What If: Notions of Causality

Mon Jul 31 2023

Series: Working Through 'What If?'

These notes are effectively my own study notes from the book I’m working from.
I recommend reading the book. The preprint is free and it’s good.

Causal Inference Without models

is the title of part 1. The first chapter is basically just a formalization of what a causal effect is. The biggest takeaway is:

Causal inference is hard, and I won’t learn everything I could possibly know about it in this book.
Damn.

Causal Effects

Individual Effects

Lenny and Trevor both have a headache. Lenny takes an aspirin and his headache goes away. Trevor takes an aspirin and his headache goes away. But we also have a universe-simulation-machine and can see what would have happened if Lenny had not taken an aspirin. In that universe, Lenny’s headache would have gone away anyway, but Travis’s would not have.

So, we say that the aspirin had a causal effect on Travis’s headache, but not on Lenny’s. Pretty straightforward.

We use $Y$ to denote the outcome variable, and $A$ to denote the treatment variable. In this case we have $Y = \{0, 1\}$ and $A = \{0, 1\}$ .
We denote the outcome under treatment $a$ as $Y^{a=1}$ .

Travis’s headache is $Y^{a=1}=1$ , $Y^{a=0}=0$ , indicating that under treatment his headache went away, but it wouldn’t have otherwise.
Lenny’s headache is $Y^{a=1}=1$ , $Y^{a=0}=1$ , indicating that under treatment his headache went away, but it would have otherwise.

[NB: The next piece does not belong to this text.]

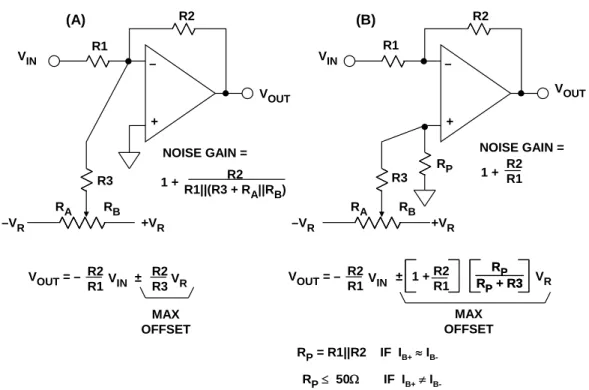 Figure 5: Inverting Op Amp External Offset Trim Methods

The treatment has a causal effect on Travis’s headache, but not on Lenny’s, because $Y^{a=1} \neq Y^{a=0}$ for Travis, but $Y^{a=1} = Y^{a=0}$ for Lenny. Of course, in practice we don’t have a universe rewinding machine, so we can’t know what would have happened if Lenny hadn’t taken an aspirin. These outcomes are counterfactuals, and are really how we humans intuitively think about causality. We try to imagine what would have happened if we had done something differently, and we use that to inform our decisions (with variable success).

A counterfactual is indeed factual if $Y = Y^A$ . That is, the treatment administered is what we actually observed. We call this consistency. This framing is simple but interesting. Individual causal effects are the contrast of counterfactuals. Of course, we can’t actually observe any counterfactuals except for 1, so we can’t actually identify individual effects.

Average Effects

However, we can do some interesting stuff with averages.

At a population level, we have $Y^a = \{0, 1\}$ , a population of outcomes $Y^{a=0}$ , $Y^{a=1}$

Assume instead we have a population and we have complete knowledge of counterfactual outcomes.

Name	$Y^{a=0}$	$Y^{a=1}$
John	0	1
Mary	1	0
Daniel	0	0
Emily	1	1
Max	0	1
Olivia	1	0
Ethan	0	0
Sophia	1	1
Benjamin	0	1
Victoria	1	0

If we take the average of the treatments, we find $Pr[{Y}^{a=1} = 1] = 0.5$ and $Pr[{Y}^{a=0} = 1] = 0.5$ . This is the average causal effect, and it exists if $Pr[{Y}^{a=1} = 1] \neq Pr[{Y}^{a=0} = 1]$ (which it doesn’t). More formally, the null hypothesis of no average causal effect is true.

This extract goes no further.